Una signora non vedente, accompagnata dal suo cane guida, desidera soggiornare qualche giorno in un albergo a Rimini. Ma qualcosa non va per il verso giusto: non si tratta di aver trovato gli alberghi pieni o di avere difficoltà a trovarne di completamente accessibili. Il problema è che l’hotel della città romagnola ha rifiutato la sua prenotazione perché “accompagnata da cane guida”, suo fido compagno di vita a quattro zampe, indispensabile per spostarsi da un luogo all’altro. A denunciare l’episodio è l’Unione italiana dei ciechi e ipovedenti (Uic) che ricorda come esista “una legge nazionale che dovrebbe garantire alla persona non vedente o ipovedente con il cane guida l’ingresso in tutti i luoghi aperti al pubblico”.

“Il cane guida è un indispensabile compagno di libertà” – Protagonista dell’episodio reso noto dall’Uic è una signora pugliese, Patrizia, che aveva chiesto all’hotel St. Gregory Park di Rimini la disponibilità di una stanza dal 28 al 31 agosto. L’addetto alle prenotazioni, che inizialmente aveva risposto positivamente, dopo aver appreso che la turista era accompagnata dal suo cane guida ha spiegato che la “politica aziendale” rende impossibile accedere alla struttura con animali. A nulla è valso ricordare al dipendente della struttura alberghiera la legge sui cani guida, valida dal 1974 e a tutela delle persone con disabilità vittime di questo tipo di discriminazioni. L’uomo si è limitato a segnalare un altro albergo vicino. “Il cane guida – dichiara Mario Barbuto, presidente nazionale dell’Uic – è un vero e indispensabile compagno di libertà, sempre disponibile e pronto ad assecondare le necessità di autonomia e di mobilità. Purtroppo però, ancora oggi, troppo spesso non viene permesso al non vedente accompagnato dal cane guida di soggiornare in un albergo, entrare in un ristorante, prendere un taxi o utilizzare mezzi di trasporto pubblico, nonostante l’esistenza della legge, e il buon senso. Ogni rifiuto di questa nostra libertà – continua Barbuto – costituisce una violazione dei nostri diritti umani basilari. A questi diritti non potremo mai rinunciare ed è nostro dovere difenderli in ogni sede e con ogni mezzo”.

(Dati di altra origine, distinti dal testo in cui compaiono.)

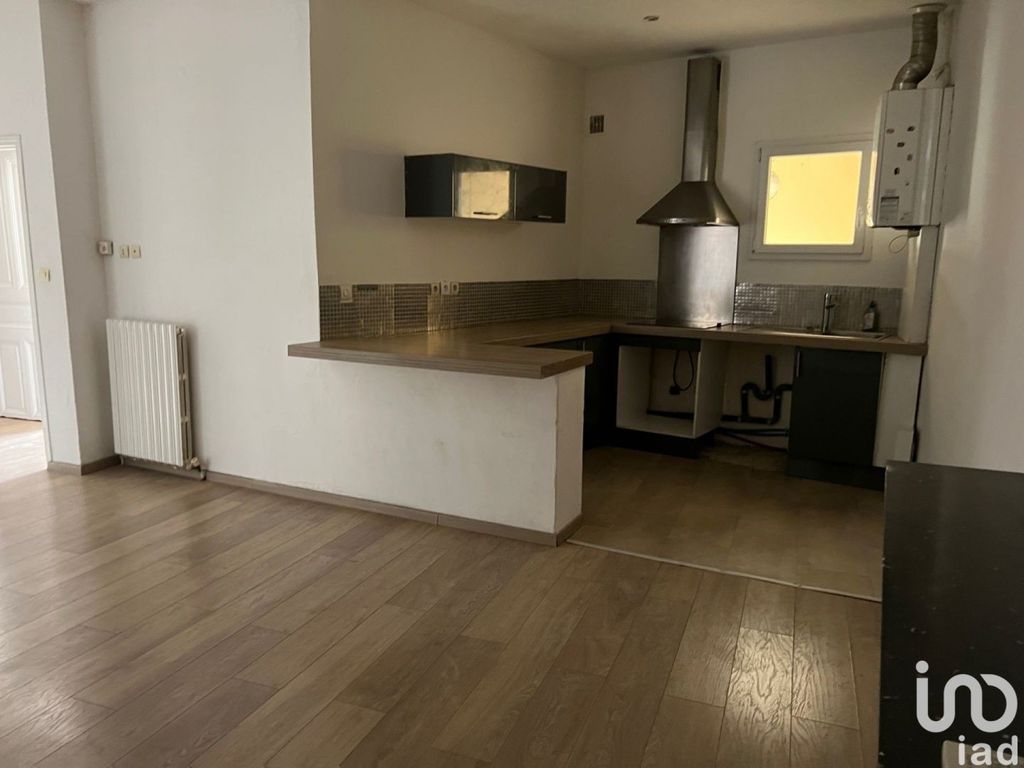 Achat appartement à vendre 5 pièces 142 m² - Nîmes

“Abbiamo provveduto a segnalare una struttura limitrofa” – “A tutti i potenziali ospiti che ci richiedono di poter portare con loro degli animali, rispondiamo negativamente senza aggiungere altro. Nel caso del cieco richiedente, oltre a rispondere negativamente, abbiamo provveduto a segnalare una struttura limitrofa che offre gli stessi servizi, dopo averla contattata e aver concordato lo stesso prezzo nonostante avesse costi diversi nel periodo desiderato”. Queste sono le parole di Mauro D’Amico, amministratore unico del St. Gregory Park. La replica, in una nota, a quanto segnalato dall’Unione Italiana dei Ciechi e Ipovedenti. L’albergo, viene spiegato nel comunicato, “garantisce ai propri ospiti da anni un ambiente pulito e confortevole senza la presenza di animali. Al momento della prenotazione i clienti sono certi che al loro arrivo troveranno una struttura completamente priva di residui quali possono essere i peli di gatti o cani, causa di allergie per molti. E non ci si può suggerire una maggiore attenzione nelle pulizie per ovviare al problema delle allergie”.

“Non è un Paese per ciechi: alberghi vietati” – Lo scorso anno, le telecamere de Ilfattoquotidiano.it avevano raccontato la situazione di Milano, attraverso l’esperienza di Simona, una non vedente – insieme al suo pastore – tra hotel e alberghi cittadini.